What New Investors Should Know About Hard Money Exit Strategies

It is true that hard money is easier to come by when a property investor is looking to finance a new purchase. Traditional lenders are more leery of real estate investments, so their approval and underwriting requirements are more strict and complex. But even hard money lenders have their requirements. A solid exit strategy is one of them.

What is an exit strategy? It is a viable plan for repaying a loan on its maturity date. There are few hard money lenders willing to approve sizable loans without reasonable exit strategies in place. To do otherwise would be to take on too much risk.

Hard money has an advantage in that lenders can be flexible about exit strategies. If a borrower can convince a lender that an exit strategy is both viable and virtually guaranteed, no problem. You do not get that kind of flexibility from a bank.

Arranging Traditional Financing


At Actium Partners in Salt Lake City, UT, the vast majority of their hard-earned loans go to real estate investors. One of the most common exit strategies they work with involves the borrower arranging traditional financing after the fact. This is to say that in the weeks following a deal’s closing, the borrower applies for a traditional loan at a bank. The bank loan repays the hard money loan.

This particular strategy works for real estate investments when acquired properties have significant rental value. Prior to the purchase, the bank was not so sure it wanted to get involved. However, once a property has been acquired and starts generating rental income, things are different.
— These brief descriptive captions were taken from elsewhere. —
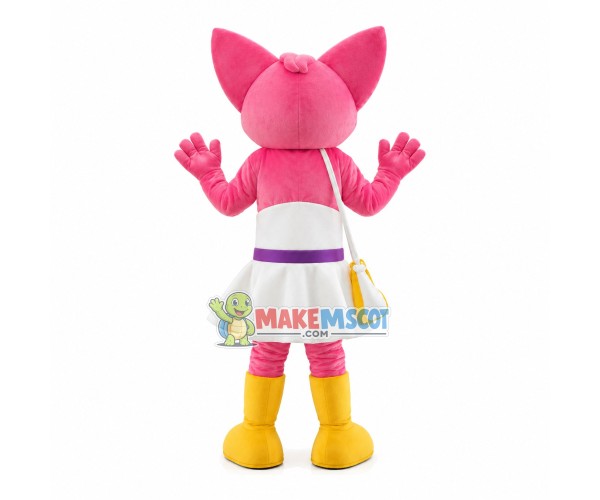 Pink Fox In The Tube Top Dress Mascot Costume Pink Fox In The Tube Top Dress Mascot Costume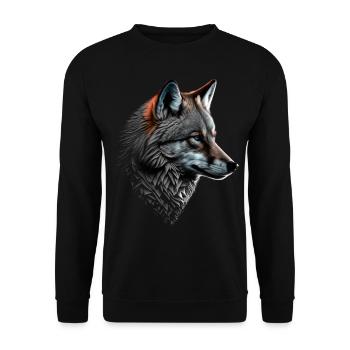 Wolf und Fuchs gemischt, Kunst Kopf Tier Geschenk - Unisex Pullover - Schwarz - Vorne - Alina (178cm) & Michal (187cm)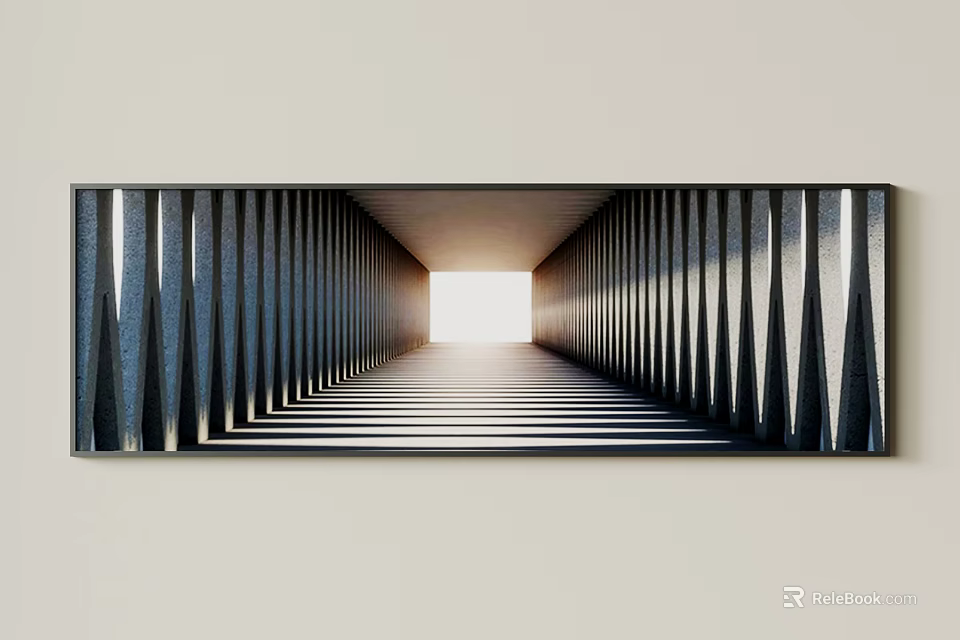 Long Format Landscape Painting With Dark Pointed Structures And Light At The End Tunnel Perspective 3d model 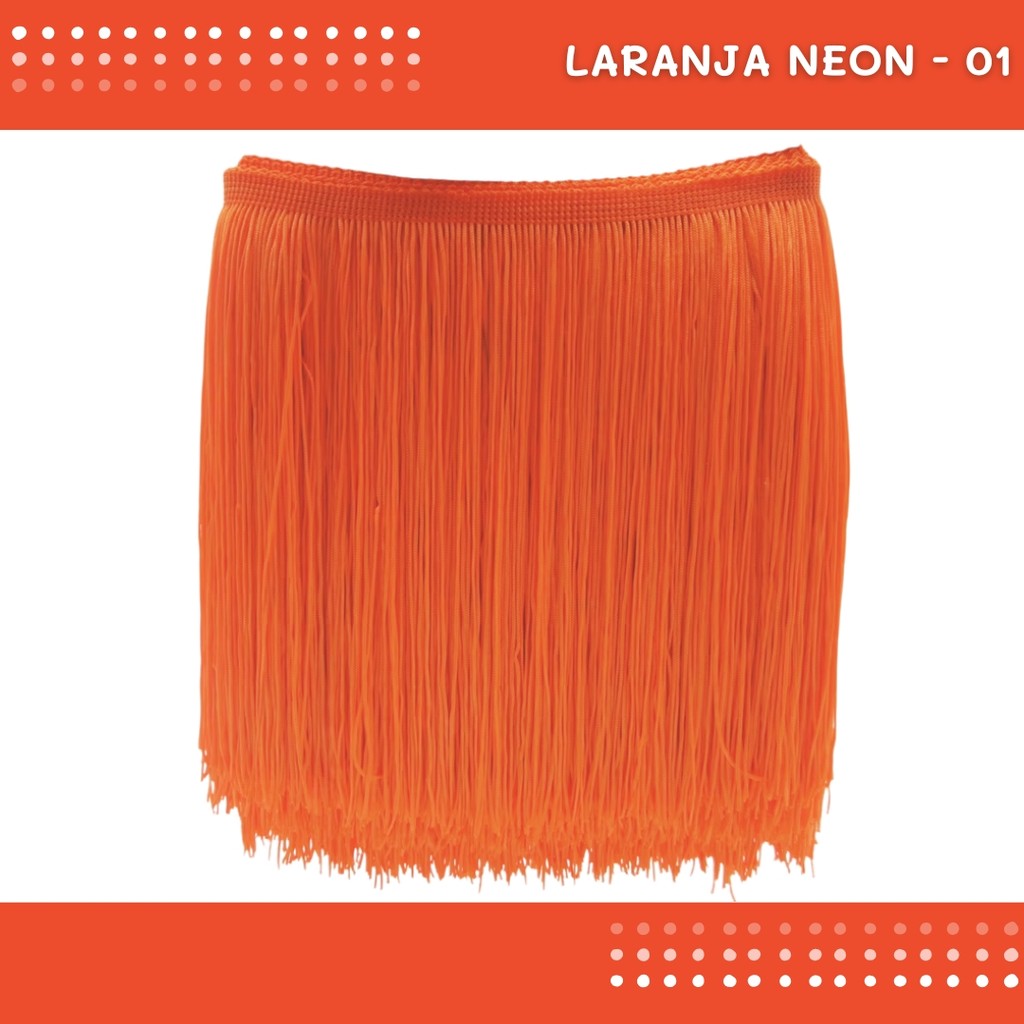 Franja de Tecido Acetinado - 20 cm - Grade de Cores - Rolo C/10 Mts COR:LARANJA-NEON-01 em Oferta na Shopee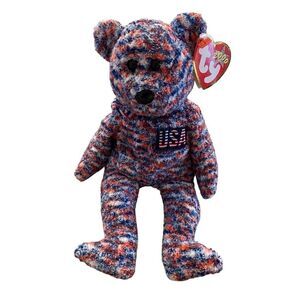 USA Bear 2000 Ty Beanie Baby Plush Collectible Nostalgia Stuffed Animal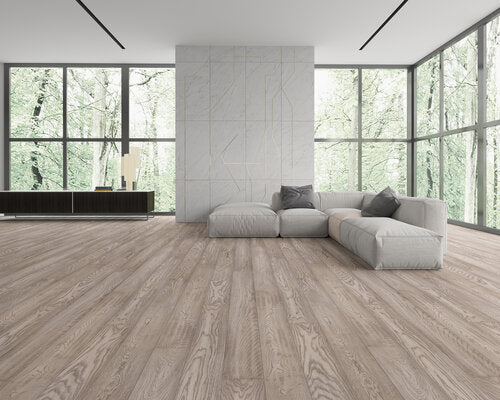 Engineered Hardwood European Oak 7.5" Wide, 74.8" RL, 1/2" Thick Elysian Ethereal Grey - Mazzia Collection room shot living room view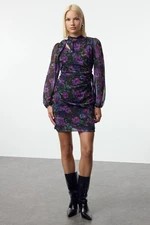 Trendyol Purple Floral Fitted/Fits Body Standing Neck Mini Lined Chiffon Woven Winter Dress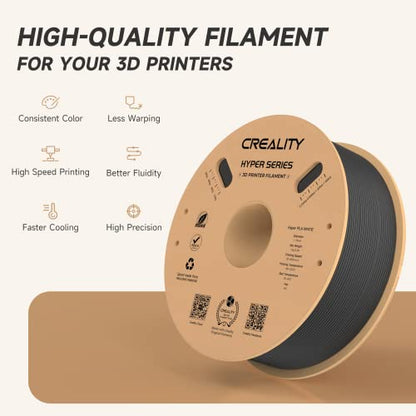 Official CREALITY Hyper PLA Filament 1.75mm, High Speed PLA 30-600mm/s Rapid 3D Printer Filament, Dimensional Accuracy +/-0.02mm, Fit Most FDM 3D Printers, 1KG(2.2lbs) Spool Black - color: Black
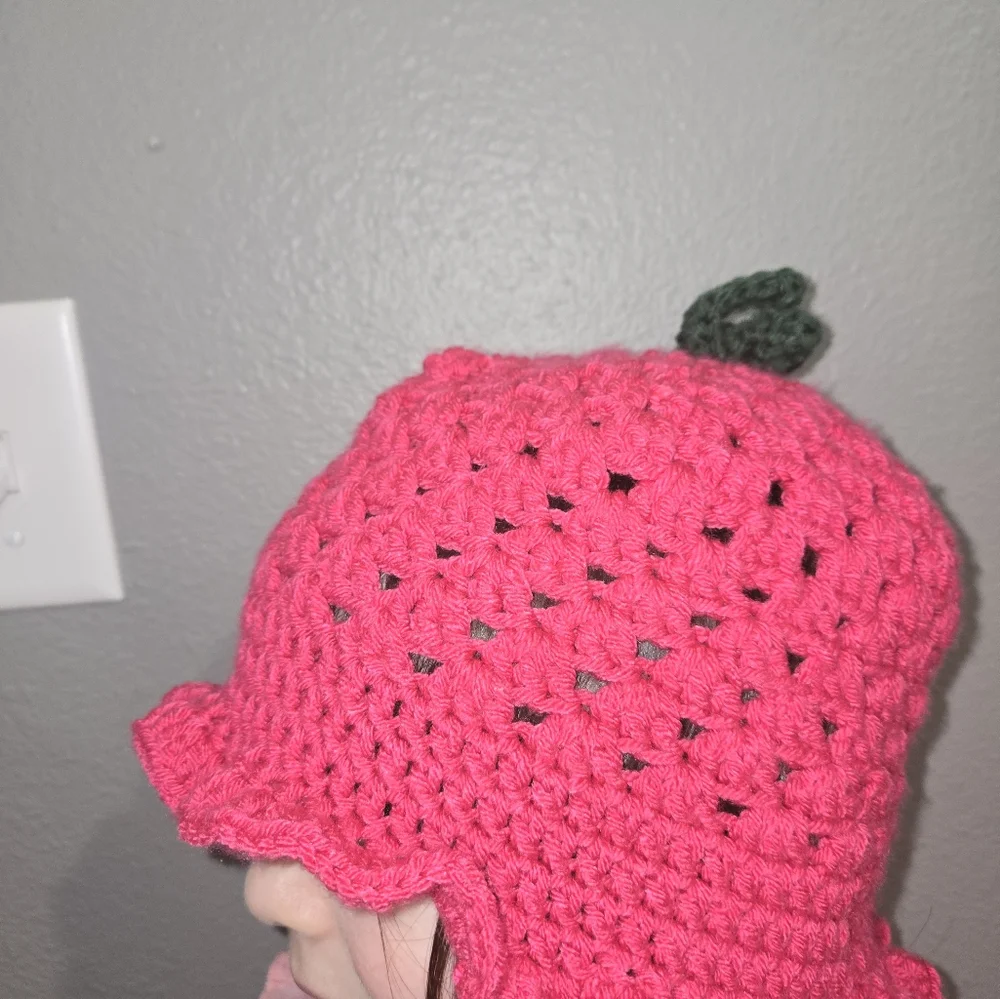 Girl's Raspberry Crochet Bucket Hat - Picture 14 of 15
There are never any guarantees that arranging conventional financing will work. Therefore, hard money lenders need to evaluate the likelihood of a borrower making such arrangements. If conventional financing is not likely, the borrower will need some other type of exit strategy.

Tapping Future Rental Income

Another fairly common exit strategy is tapping future rental income. A borrower believes a property’s rental value will provide more than enough income to meet operating expenses and cover the loan amount. If the lender agrees, tapping into rental income could be a viable exit strategy.

This particular strategy works best when hard money loan terms are closer to twenty-four months. That gives the borrower plenty of time to generate rental revenue and put it away in anticipation of satisfying the loan on its maturity date.

There is a downside to this strategy, though. Hard money loans of this nature are generally structured as interest-only loans. That means the borrower still has monthly payments to make. Should those payments combine with maintenance and repair costs to take a substantial chunk out of monthly rental income, the borrower could come up short when the loan comes due.

Selling the Property


Plenty of real estate developers take a short-term approach to acquisitions. They do not plan to hold properties for very long. Their exit strategy is to hold just long enough to let the property appreciate before turning around and selling. The exit strategy in such a case is selling the property being obtained by the hard money loan.

This is a very risky strategy due to the fact that there are no guarantees that property values will rise sufficiently during the term of the loan. Both lender and borrower need to be cautious about relying on selling as an exit strategy.

One way or another, borrowers have to offer solid exit strategies in order to get hard money loans. Without an exit strategy, there is no convincing a lender that an acquisition is a worthwhile risk.